§ **Task to complete**
Retype the data below verbatim; pictures do not belong in the copy.

[Items from a dataset]
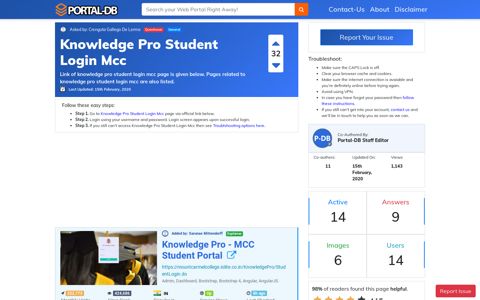 Knowledge Pro Student Login Mcc - Portal-DB.live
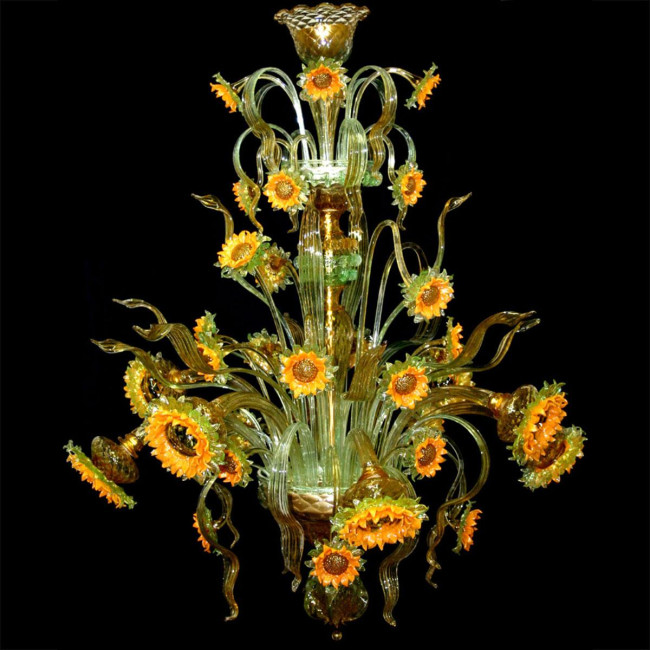 "Girasoli di Van Gogh" lustre en cristal de Murano - 8 lumières - tournesol jaune 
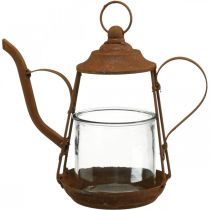 Lanterna in metallo vetro teiera decoro patinato Ø15cm H26cm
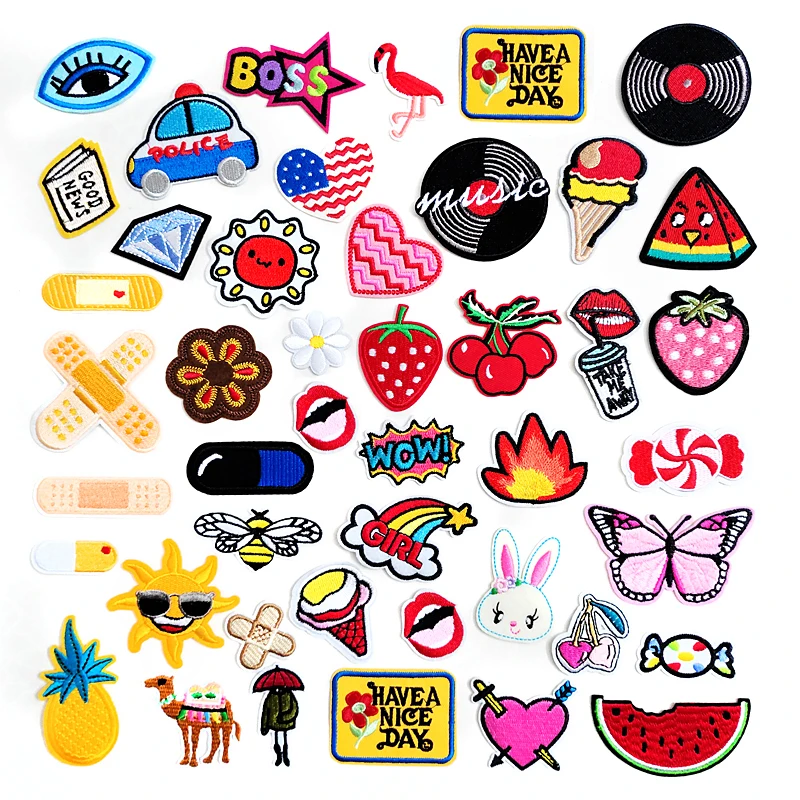 Heart Watermelon Mouth Iron-On Patches Cloth Mend Decorate Clothes Apparel Sewing Decoration Applique Badges Rabbit Strawberry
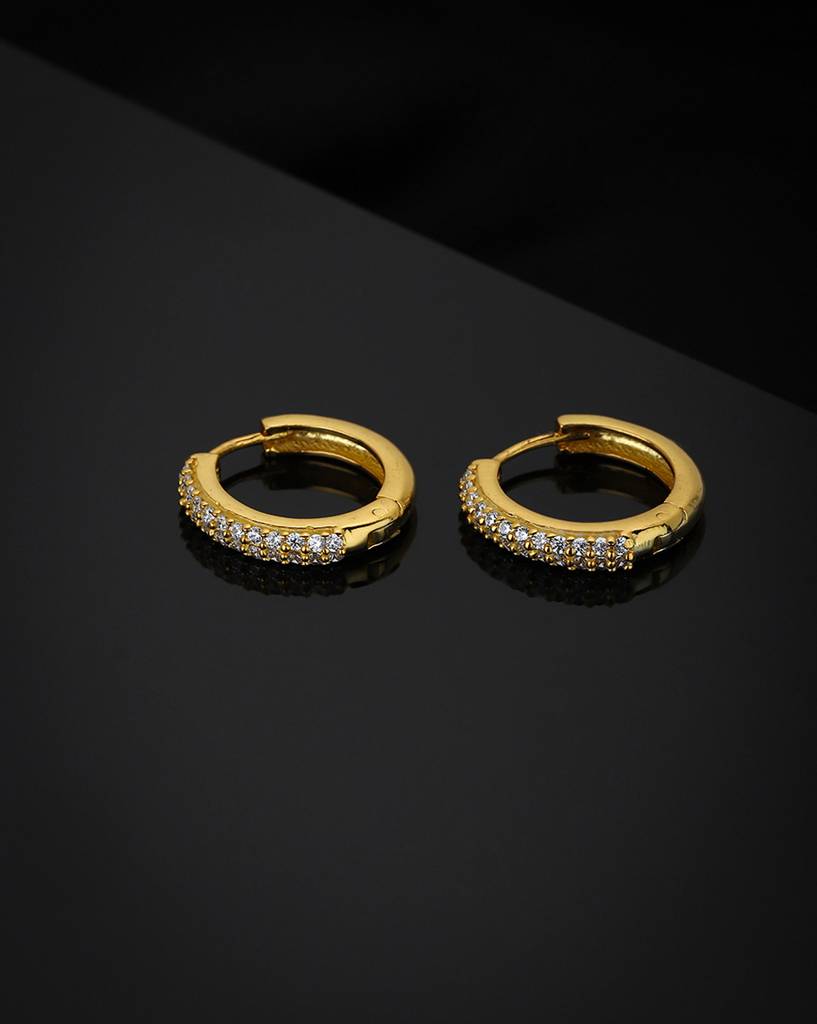 Gold-Plated Cz Studded Circular Handcrafted Huggie Hoop Earrings : B765810E-4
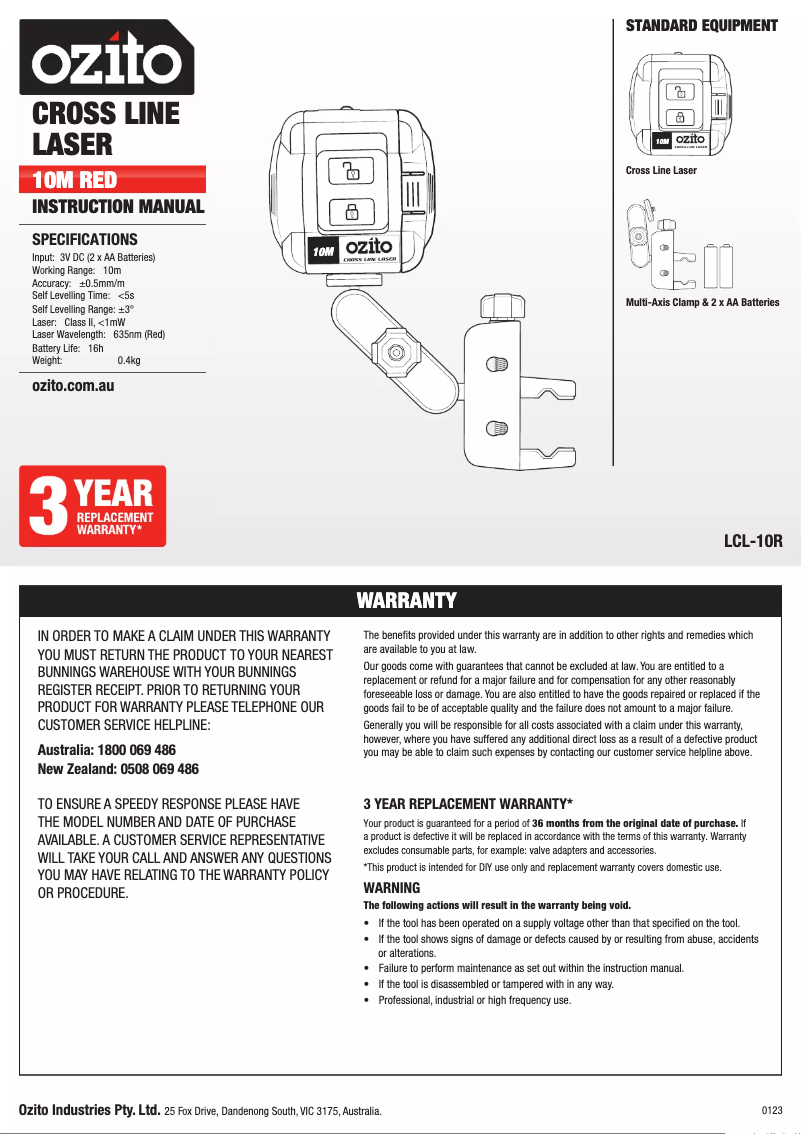 Page 1 de la notice Manuel utilisateur Ozito LCL-10R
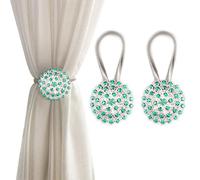Magnetic Tiebacks for Curtains, 2 Pack Sparkling Crystal Flower Curtain Tiebacks Curtain Buckle Clips with High-Elastic Spring Wire for Home Office Decoration (Green)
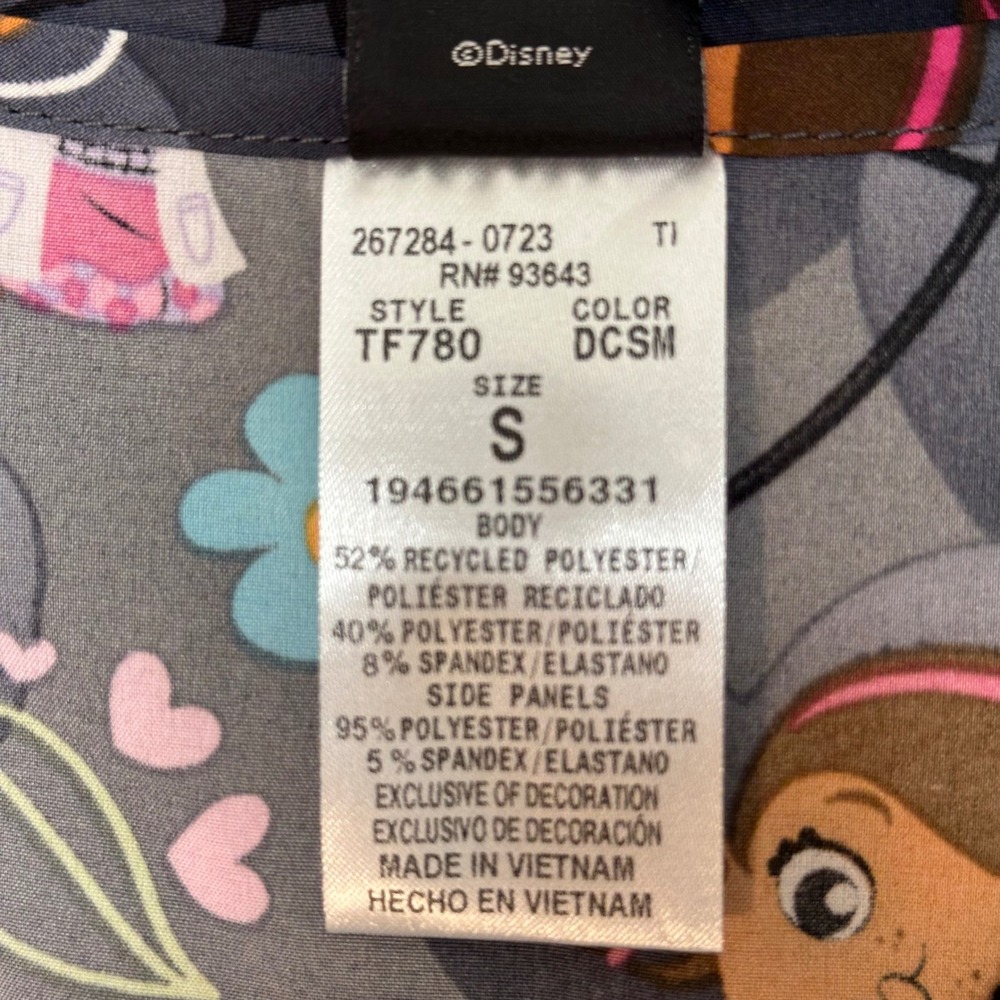 Disney Doc McStuffins‎ Tooniforms Cherokee Scrub Top Size Small V-Neck - Picture 4 of 5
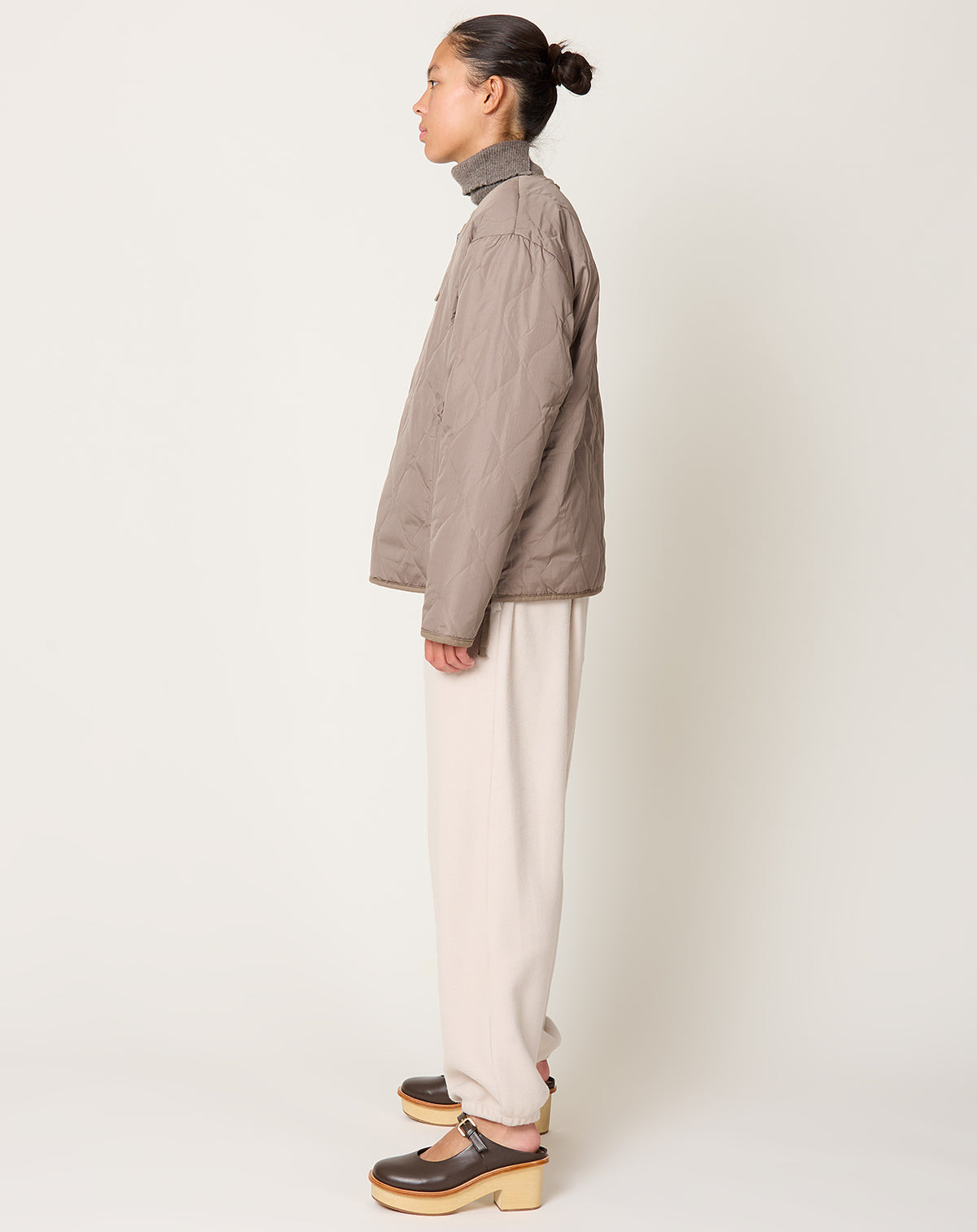 Military Reversible Down X BOA Crewneck Jacket in Mocha | Taion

§ **Answer to the exercise**
 Knowledge Pro Student Login Mcc - Portal-DB.live
 "Girasoli di Van Gogh" lustre en cristal de Murano - 8 lumières - tournesol jaune 
 Lanterna in metallo vetro teiera decoro patinato Ø15cm H26cm
 Heart Watermelon Mouth Iron-On Patches Cloth Mend Decorate Clothes Apparel Sewing Decoration Applique Badges Rabbit Strawberry
 Gold-Plated Cz Studded Circular Handcrafted Huggie Hoop Earrings : B765810E-4
 Page 1 de la notice Manuel utilisateur Ozito LCL-10R
Magnetic Tiebacks for Curtains, 2 Pack Sparkling Crystal Flower Curtain Tiebacks Curtain Buckle Clips with High-Elastic Spring Wire for Home Office Decoration (Green)
 Disney Doc McStuffins‎ Tooniforms Cherokee Scrub Top Size Small V-Neck - Picture 4 of 5
 Military Reversible Down X BOA Crewneck Jacket in Mocha | Taion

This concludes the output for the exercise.